The role of glue size in the mechanical behaviour of paintings

Artists' canvas has traditionally been impregnated, or coated, with animal glue. This provides a barrier against penetration of the next layer, which is the ground, usually a mixture of linseed oil and chalk, sometimes mixed with pigment. Linseed oil releases fatty acids as it ages. These would weaken the cellulose fibres of the linen if the oil were allowed to penetrate the canvas. The other purpose of the glue layer is to hold the ground on the surface so that it evens out the hollows and bumps of the fabric structure without penetrating and stiffening the canvas. Glue applied as a thin coating on textiles or paper fibres is called size.

From this stress-strain diagram for glue (1) we can read that the breaking strain is about 0.03.

From the diagram below (2) we notice that the strain caused by a 60% change in RH is also about 0.03. Already we have enough information to realise that the stress generated in the glue size layer is an important, even devastating factor in the mechanical behaviour of oil paintings.

The coefficient of thermal expansion of gelatin is about 0.00003 (m/m per degree C). A temperature change of 30 degrees will therefore cause a strain of about 0.001, which is tiny in comparison with the strain caused by change of relative humidity.

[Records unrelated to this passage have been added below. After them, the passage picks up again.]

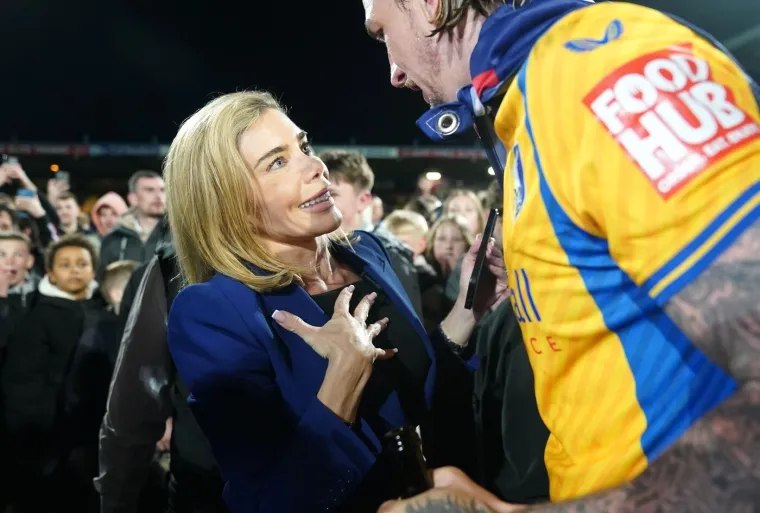 Zvali su je 'plavu&scaron;om bez mozga', a ona je od nogometnog kluba stvorila pravo čudo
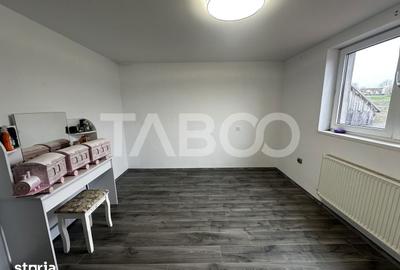Casă cu 8 camere cu Teren 1195 Mp în Roșia - 4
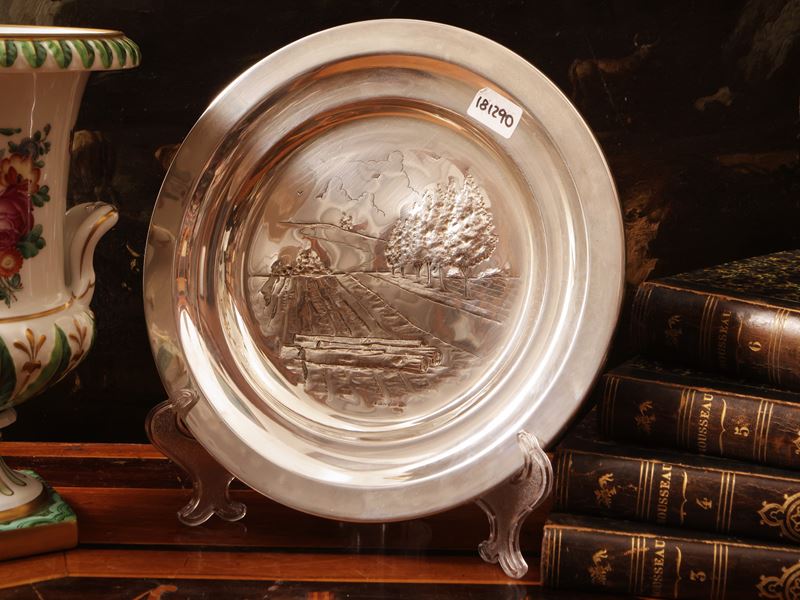 Piatto decorativo in argento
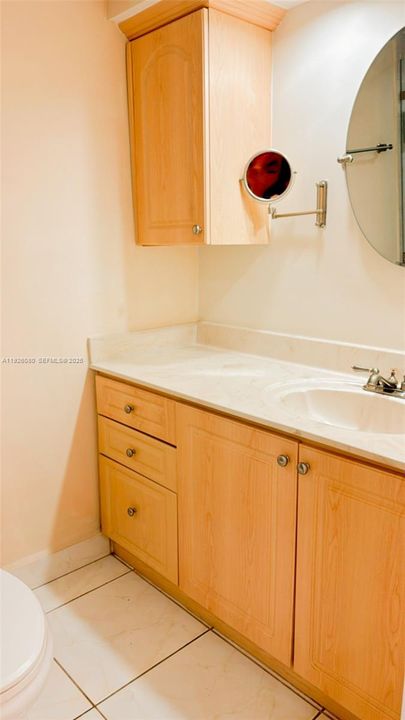 For Sale: $465,000 (2 beds, 2 baths, 1222 Square Feet)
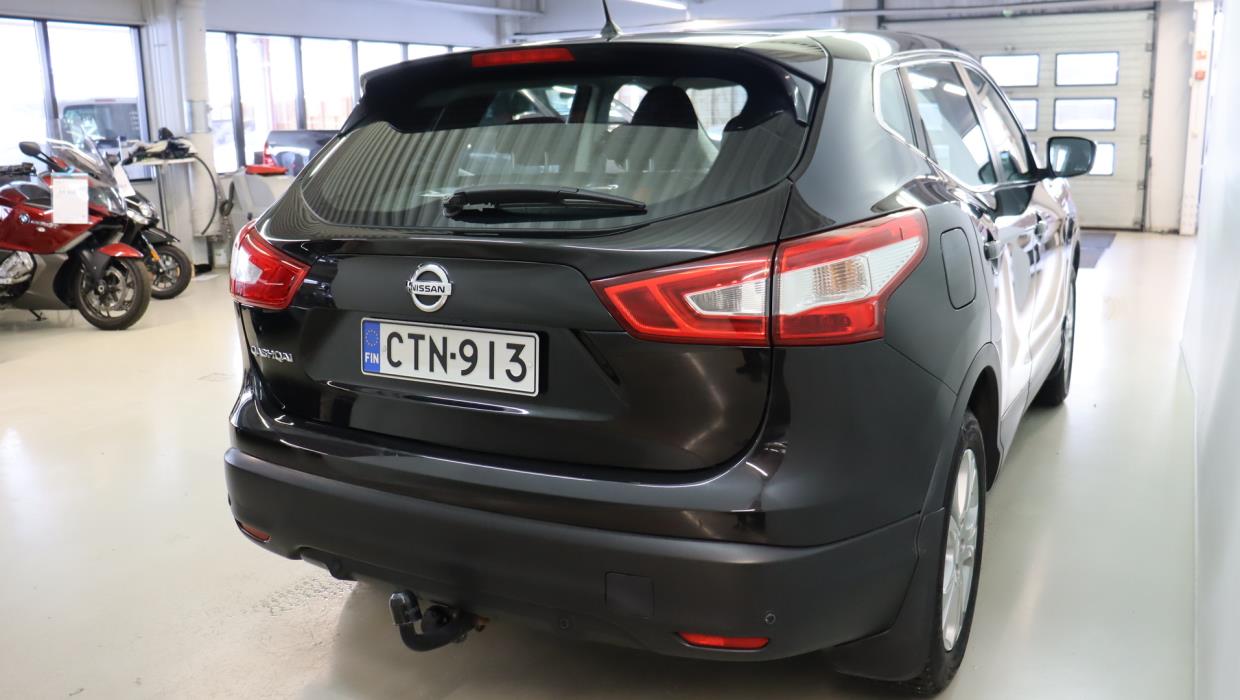 NISSAN Qashqai 2015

This is very much an order of magnitude calculation, designed to alert us to the danger of relative humidity change around oil paintings. The stress-strain diagram is very much affected by RH: gelatin becomes much stiffer at low RH. Another complicating factor is the time dependence of the stress-strain diagram. If gelatin is strained slowly, especially at high RH, it does not develop nearly so high a stress. This stress relaxation saves the painting from the destruction theoretically predicted from these two diagrams.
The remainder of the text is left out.